First mining fatality of 2016 reported
A Wyoming County man was killed early Monday morning when he became entangled in a conveyor belt roller at an underground coal mine, in what appears to be the first mining industry fatality of the new year, state and federal officials said.
The state Office of Miners’ Health, Safety and Training identified the man as 53-year-old Peter Dale Sprouse of Clear Fork and said the incident occurred at the Lower War Eagle Mine, an underground operation of Greenbrier Minerals, listed as being located at Cyclone, which is northwest of Oceana in Wyoming County. The corporate controller of the mine is Coronado Coal LLC, according to the U.S. Mine Safety and Health Administration.

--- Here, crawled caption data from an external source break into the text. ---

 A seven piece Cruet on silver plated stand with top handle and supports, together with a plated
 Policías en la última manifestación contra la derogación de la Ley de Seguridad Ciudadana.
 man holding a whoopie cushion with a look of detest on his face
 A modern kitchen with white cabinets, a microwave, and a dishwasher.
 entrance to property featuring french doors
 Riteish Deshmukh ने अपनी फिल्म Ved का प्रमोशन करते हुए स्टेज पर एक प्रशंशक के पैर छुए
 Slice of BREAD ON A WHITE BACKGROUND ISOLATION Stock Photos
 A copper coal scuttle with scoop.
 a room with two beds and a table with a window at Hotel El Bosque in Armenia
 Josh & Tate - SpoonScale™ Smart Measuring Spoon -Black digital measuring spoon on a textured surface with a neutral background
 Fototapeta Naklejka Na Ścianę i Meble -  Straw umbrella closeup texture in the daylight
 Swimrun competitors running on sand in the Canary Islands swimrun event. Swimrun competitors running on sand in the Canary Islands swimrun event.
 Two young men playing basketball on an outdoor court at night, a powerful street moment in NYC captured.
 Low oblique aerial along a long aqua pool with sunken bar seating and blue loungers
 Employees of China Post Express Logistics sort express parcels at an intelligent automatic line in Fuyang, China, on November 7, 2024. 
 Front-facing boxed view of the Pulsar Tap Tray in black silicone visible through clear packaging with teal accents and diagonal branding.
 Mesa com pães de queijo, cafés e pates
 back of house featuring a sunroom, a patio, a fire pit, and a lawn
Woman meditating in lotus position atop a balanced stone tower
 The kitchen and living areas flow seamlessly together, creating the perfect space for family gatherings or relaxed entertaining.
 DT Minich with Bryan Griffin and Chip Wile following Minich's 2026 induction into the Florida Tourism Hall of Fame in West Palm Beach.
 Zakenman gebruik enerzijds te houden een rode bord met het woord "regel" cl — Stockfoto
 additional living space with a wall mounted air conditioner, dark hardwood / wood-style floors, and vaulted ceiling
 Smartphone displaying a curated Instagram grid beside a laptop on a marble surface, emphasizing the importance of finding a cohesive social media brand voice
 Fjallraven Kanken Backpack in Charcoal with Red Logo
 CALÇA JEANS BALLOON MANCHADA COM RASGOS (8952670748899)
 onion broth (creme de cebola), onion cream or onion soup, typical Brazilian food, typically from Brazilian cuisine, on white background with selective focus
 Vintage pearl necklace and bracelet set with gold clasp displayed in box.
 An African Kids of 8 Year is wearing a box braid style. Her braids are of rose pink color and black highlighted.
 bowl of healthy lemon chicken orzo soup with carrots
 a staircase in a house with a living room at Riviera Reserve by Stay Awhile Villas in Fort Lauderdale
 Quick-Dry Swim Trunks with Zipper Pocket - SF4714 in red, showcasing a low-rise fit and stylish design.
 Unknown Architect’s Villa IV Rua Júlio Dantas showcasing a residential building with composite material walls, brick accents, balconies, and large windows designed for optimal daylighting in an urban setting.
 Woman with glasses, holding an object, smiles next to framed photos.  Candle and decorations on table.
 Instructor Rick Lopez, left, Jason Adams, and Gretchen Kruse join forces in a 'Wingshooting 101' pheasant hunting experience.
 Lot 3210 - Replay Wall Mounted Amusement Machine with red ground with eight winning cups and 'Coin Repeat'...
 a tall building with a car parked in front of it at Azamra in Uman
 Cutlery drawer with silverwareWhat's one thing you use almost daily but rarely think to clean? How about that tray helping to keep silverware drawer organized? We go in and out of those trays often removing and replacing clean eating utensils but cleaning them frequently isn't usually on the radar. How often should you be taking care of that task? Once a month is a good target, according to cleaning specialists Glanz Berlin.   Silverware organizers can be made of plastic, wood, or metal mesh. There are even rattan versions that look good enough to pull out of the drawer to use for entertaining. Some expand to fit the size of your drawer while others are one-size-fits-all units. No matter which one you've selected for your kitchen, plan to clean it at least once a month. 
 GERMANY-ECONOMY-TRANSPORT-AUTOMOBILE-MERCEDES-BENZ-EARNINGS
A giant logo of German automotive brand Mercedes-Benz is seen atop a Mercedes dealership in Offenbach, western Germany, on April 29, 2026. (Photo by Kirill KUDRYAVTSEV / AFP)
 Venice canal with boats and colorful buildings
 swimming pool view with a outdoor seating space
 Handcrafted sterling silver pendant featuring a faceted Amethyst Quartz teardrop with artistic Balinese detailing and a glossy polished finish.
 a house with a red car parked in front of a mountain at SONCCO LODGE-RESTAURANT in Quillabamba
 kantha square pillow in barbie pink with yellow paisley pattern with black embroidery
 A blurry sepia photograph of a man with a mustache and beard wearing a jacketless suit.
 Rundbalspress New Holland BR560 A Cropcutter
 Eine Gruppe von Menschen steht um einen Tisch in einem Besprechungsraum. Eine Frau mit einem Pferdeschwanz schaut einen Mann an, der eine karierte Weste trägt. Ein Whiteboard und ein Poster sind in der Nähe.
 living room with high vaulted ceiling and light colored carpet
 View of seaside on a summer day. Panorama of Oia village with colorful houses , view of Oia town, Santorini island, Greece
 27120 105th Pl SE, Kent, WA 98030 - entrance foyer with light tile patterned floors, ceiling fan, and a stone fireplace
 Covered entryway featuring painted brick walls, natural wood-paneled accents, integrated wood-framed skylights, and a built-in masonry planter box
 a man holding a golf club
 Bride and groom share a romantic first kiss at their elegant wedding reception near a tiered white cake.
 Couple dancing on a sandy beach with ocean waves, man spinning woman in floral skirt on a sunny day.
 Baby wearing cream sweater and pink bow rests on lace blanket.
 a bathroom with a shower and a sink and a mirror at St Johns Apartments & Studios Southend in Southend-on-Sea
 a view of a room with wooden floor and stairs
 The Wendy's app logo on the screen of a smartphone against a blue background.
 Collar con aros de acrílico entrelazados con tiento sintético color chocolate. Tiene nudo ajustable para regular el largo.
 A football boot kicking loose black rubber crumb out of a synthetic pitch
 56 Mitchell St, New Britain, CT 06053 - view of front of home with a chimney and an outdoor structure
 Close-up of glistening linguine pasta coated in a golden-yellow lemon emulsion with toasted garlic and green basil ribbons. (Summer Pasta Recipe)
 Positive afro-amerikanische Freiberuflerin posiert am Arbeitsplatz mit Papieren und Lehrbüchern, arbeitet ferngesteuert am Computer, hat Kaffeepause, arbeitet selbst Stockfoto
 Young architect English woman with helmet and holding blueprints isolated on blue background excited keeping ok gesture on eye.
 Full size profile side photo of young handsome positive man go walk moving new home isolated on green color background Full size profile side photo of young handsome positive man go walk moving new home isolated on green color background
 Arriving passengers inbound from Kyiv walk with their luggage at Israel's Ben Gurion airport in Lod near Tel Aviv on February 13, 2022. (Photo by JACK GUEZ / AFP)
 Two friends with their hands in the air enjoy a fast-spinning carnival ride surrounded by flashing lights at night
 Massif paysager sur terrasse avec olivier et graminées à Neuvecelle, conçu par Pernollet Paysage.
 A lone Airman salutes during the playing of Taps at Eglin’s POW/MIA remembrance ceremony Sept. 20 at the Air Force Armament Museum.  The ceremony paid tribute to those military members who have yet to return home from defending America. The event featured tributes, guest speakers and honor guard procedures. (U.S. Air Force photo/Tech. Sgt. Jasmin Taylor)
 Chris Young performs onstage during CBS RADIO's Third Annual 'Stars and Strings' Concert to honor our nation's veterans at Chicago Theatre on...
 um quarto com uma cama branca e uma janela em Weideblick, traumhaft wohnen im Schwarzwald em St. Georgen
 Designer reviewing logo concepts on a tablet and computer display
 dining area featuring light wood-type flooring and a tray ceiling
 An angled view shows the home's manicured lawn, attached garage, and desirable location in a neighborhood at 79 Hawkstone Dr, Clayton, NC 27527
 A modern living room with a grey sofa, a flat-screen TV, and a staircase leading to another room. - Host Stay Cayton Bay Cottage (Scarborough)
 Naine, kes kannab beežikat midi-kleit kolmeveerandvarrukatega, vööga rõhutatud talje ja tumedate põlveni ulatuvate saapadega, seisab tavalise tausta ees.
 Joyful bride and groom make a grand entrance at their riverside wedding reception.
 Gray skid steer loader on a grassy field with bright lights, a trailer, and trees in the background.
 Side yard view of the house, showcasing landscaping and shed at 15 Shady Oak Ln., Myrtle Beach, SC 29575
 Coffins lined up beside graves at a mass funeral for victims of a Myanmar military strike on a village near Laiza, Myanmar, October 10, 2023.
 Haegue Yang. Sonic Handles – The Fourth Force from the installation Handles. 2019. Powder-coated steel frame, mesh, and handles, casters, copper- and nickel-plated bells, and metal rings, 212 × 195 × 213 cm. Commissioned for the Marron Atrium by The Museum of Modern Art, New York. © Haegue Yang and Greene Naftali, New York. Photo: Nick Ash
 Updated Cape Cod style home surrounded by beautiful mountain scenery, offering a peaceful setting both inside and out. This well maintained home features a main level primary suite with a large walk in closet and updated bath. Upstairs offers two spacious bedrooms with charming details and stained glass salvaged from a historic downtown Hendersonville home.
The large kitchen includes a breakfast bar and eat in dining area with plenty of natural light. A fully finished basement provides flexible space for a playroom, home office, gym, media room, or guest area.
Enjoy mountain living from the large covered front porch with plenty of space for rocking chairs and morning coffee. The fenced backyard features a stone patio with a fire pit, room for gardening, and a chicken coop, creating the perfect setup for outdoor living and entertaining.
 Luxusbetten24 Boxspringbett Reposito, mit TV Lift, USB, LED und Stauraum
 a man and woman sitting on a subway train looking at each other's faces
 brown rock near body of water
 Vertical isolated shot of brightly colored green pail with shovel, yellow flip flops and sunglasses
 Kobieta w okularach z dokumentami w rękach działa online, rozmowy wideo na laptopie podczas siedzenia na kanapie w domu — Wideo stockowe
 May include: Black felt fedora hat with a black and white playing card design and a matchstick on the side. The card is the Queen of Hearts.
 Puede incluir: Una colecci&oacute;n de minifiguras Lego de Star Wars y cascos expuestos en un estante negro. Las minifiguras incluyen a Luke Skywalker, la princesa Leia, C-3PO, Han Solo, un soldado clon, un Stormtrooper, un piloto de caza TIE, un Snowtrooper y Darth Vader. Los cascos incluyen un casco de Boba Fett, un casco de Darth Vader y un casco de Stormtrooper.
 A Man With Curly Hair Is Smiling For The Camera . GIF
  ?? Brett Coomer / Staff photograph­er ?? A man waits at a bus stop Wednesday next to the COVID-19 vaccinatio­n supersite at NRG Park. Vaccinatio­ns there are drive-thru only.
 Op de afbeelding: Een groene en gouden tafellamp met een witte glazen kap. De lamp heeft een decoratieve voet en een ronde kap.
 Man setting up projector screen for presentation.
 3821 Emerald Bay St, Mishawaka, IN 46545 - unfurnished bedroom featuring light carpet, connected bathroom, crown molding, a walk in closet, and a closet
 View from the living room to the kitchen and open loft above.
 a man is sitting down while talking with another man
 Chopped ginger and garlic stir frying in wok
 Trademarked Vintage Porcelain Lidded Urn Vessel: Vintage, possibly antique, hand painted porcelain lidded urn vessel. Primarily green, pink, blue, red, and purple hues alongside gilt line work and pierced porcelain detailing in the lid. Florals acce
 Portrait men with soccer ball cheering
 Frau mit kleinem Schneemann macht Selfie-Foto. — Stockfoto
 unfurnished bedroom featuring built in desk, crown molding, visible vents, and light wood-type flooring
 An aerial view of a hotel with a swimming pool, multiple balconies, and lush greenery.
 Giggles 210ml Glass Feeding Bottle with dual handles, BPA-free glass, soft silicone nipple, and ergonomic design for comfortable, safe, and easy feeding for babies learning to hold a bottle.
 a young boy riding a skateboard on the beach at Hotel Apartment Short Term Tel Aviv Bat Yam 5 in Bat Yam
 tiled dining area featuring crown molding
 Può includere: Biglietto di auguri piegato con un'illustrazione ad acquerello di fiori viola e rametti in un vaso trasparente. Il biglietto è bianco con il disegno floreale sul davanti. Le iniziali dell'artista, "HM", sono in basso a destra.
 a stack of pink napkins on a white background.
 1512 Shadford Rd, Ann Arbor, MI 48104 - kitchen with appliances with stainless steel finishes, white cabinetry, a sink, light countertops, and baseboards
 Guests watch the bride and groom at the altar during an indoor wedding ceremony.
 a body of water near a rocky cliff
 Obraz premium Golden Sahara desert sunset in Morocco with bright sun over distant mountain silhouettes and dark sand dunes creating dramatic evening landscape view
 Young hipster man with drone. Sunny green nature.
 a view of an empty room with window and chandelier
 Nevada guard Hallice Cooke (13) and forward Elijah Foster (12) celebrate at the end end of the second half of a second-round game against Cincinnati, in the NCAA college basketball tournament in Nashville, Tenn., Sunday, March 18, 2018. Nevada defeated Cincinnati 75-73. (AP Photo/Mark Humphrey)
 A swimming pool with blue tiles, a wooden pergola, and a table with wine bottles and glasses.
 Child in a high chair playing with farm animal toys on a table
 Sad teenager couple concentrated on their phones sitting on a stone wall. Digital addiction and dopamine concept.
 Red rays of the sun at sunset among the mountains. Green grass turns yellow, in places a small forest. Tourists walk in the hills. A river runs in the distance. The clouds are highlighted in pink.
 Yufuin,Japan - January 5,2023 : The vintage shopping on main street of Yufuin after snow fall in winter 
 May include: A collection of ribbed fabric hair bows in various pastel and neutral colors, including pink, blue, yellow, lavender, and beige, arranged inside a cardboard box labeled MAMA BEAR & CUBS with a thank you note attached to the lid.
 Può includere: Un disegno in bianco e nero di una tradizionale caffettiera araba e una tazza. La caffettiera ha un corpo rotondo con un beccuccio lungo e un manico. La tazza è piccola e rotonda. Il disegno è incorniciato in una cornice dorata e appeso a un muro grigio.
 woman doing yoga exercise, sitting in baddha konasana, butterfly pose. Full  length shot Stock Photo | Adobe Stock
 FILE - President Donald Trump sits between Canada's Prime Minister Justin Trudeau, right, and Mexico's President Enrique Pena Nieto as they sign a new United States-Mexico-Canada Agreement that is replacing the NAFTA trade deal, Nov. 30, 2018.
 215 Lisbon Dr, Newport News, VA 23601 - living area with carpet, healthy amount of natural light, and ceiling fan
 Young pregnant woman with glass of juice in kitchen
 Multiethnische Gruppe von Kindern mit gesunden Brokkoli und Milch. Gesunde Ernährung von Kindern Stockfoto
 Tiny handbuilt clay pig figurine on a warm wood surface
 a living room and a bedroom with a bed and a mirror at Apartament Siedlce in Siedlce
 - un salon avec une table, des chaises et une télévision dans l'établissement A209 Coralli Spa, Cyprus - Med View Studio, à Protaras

Gary Groves, vice president for human resources at Coronado Coal, said that the worker’s body was discovered at about 1 a.m. Monday. Groves declined to provide further details of the incident, except to say that it occurred during the mine’s third shift, which is a maintenance shift.
“Our thoughts and prayers are with his family,” Groves said.
MSHA said that Sprouse was found “entangled” in a conveyor belt drive hold-down roller.
Last year, West Virginia recorded two coal-mining fatalities, both in March: A worker died when a roof and side wall, or rib, collapsed at Murray Energy’s Marshall County Mine near Cameron, and a driver was killed when his truck overturned as it descended down a haul road at an Alpha Natural Resources surface mine in Raleigh County.
In 2015, the U.S. recorded 11 coal-mining fatalities. Both state and national figures were all-time lows for the industry, according to MSHA.